Sungguh, kekuatan kata memiliki dampak yg luarbiasa. Engkau tidak perlu bertele-tele menanyakan hal tentang dirinya jika maksud sebenarnya hanya ingin bertanya kapan rapat berlangsung. Karena itu bila dengan 5 kata saja informasi sudah cukup jelas, kenapa harus dengan 8 atau 10 kata? Bukankah sisanya merupakan kemubaziran?

Tidak usah basa-basi, langsung saja dengan pertanyaa ke sasaran: “akh, kapan kita akan rapat lagi?”, bukankah itu sudah sangat jelas? Jadi tidak perlu dgn menanyakan dirinya jika memang engkau tidak mau terulang lagi dengan derita cinta monyet itu.
Bagaimana, engkau setuju…????


SILATURAHMI TANPA HENTI

Orang bilang anak kecil itu kalau sudah ngambek, lama sembuhnya. Padahal tidak selalu begitu. Sebetulnya yg mengambek lama itu justru orang dewasa dan orang tua. Kalau tidak percaya, coba saja lihat di sekelilingmu.
Misalkan dua anak kecil, namanya Ali dan Rudi, berkelahi memperebutkan sebuah mainan. Salah satu anak itu kemudian menangis. Biasanya, yg kemudian terjadi adalah permusuhan diantara kedua orang tuanya, kadang sampai berlarut-larut, apalagi kalau ada anak yg terluka. Maka ekspresi dan luapan kemarahan bisa lama bahkan berhari hari. Padahal beberapa jam kmudian setelah berkelahi, Ali dan Rudi sudah kembali tertawa ceria dan bermain bersama. Sejam lalu berkelahi, sejam kemudian sudah berkejar-kejaran.

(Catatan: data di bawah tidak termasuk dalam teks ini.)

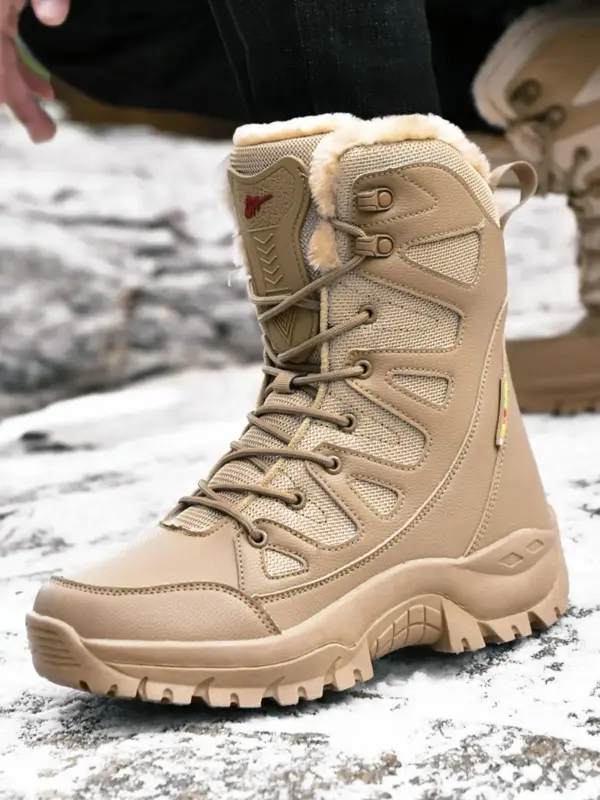 Men's Casual Plain Plush Lining Snow Boots, Warm Comfortable Lace Up Mid-Calf Boots for Fall & Winter, Male All-match Round T...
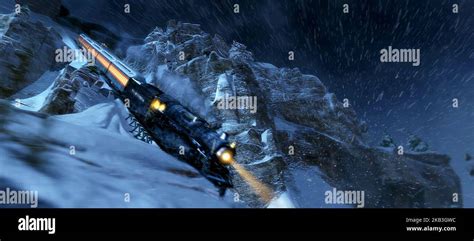 The Polar Express Train Heads Down Mountain Stock Photo Alamy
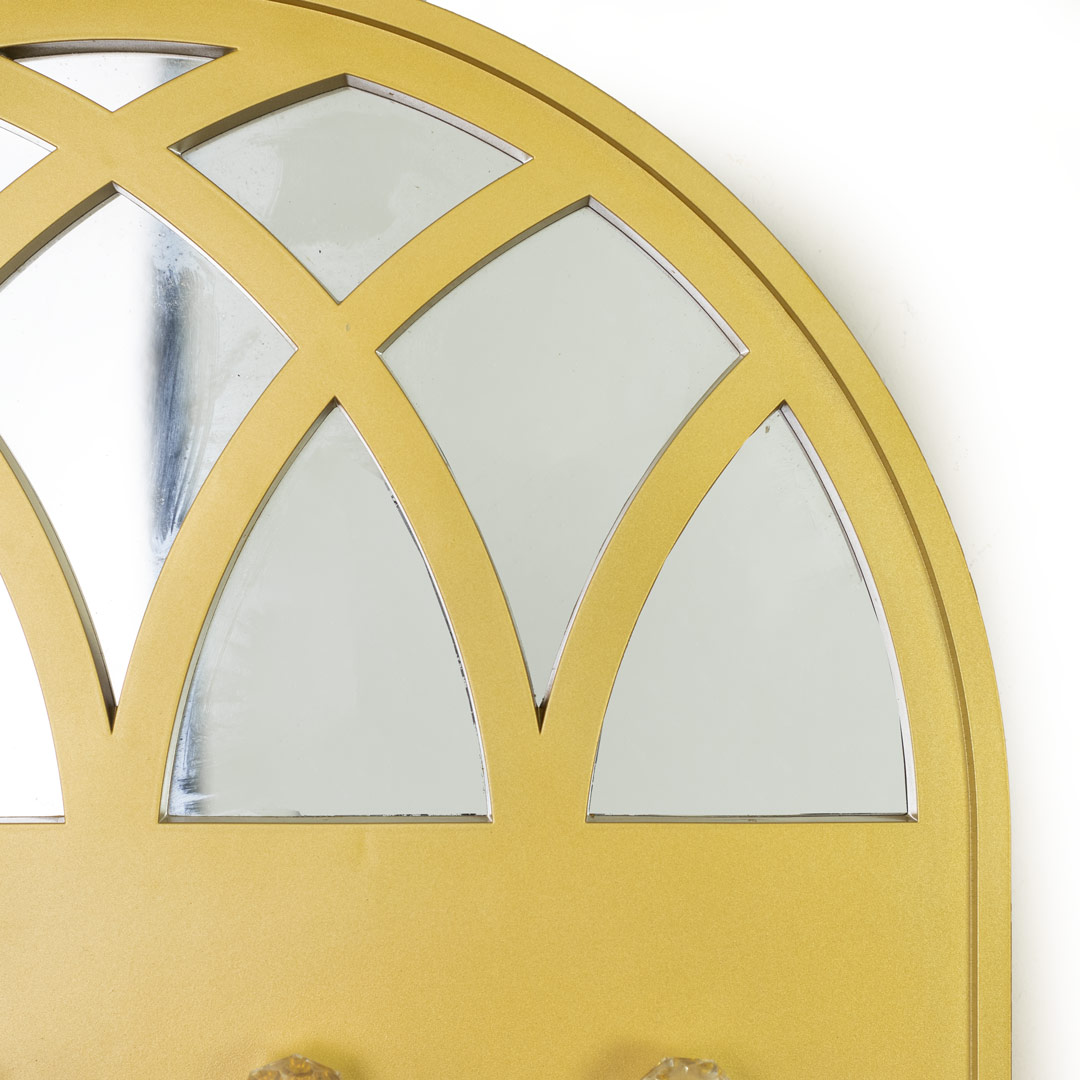 WR691-2-Arched Mirror Key Holder Golden Cathedral Window Design 4 Crystal Hooks (5)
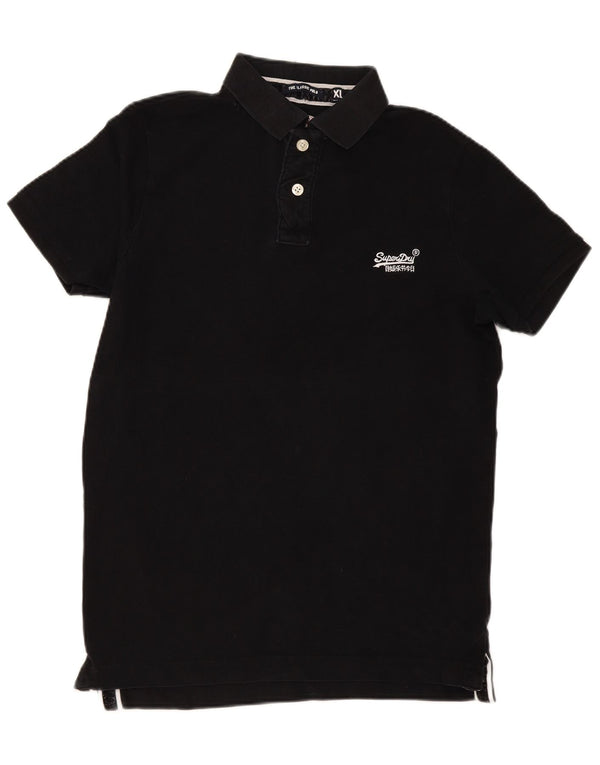 Superdry Mens Polo Shirt XL Black Cotton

Lalu, apa hubungan cerita Ali dan Rudi dengan derita cinta monyet yg pernah engkau dapatkan ? Sahabat, biasanya seseorang yg baru pertama kali jatuh cinta berkisar umur 14 tahun sampai 18 thn. Yaitu masa-masa pertama kali masuk jenjang SMP dan SMA. Jika salah seorang diantara mereka jatuh cinta dan kemudian patah hati, maka akan berlanjut sikap diam-diaman selama beberapa bulan, bahkan bertahun tahun. Tidak saling menegur, tidak saling menyapa, ketemu dijalan juga seolah-olah tidak melihat. Dan hal itu trjadi hanya karena mereka tidak bisa membingkai cinta monyet mereka selamanya.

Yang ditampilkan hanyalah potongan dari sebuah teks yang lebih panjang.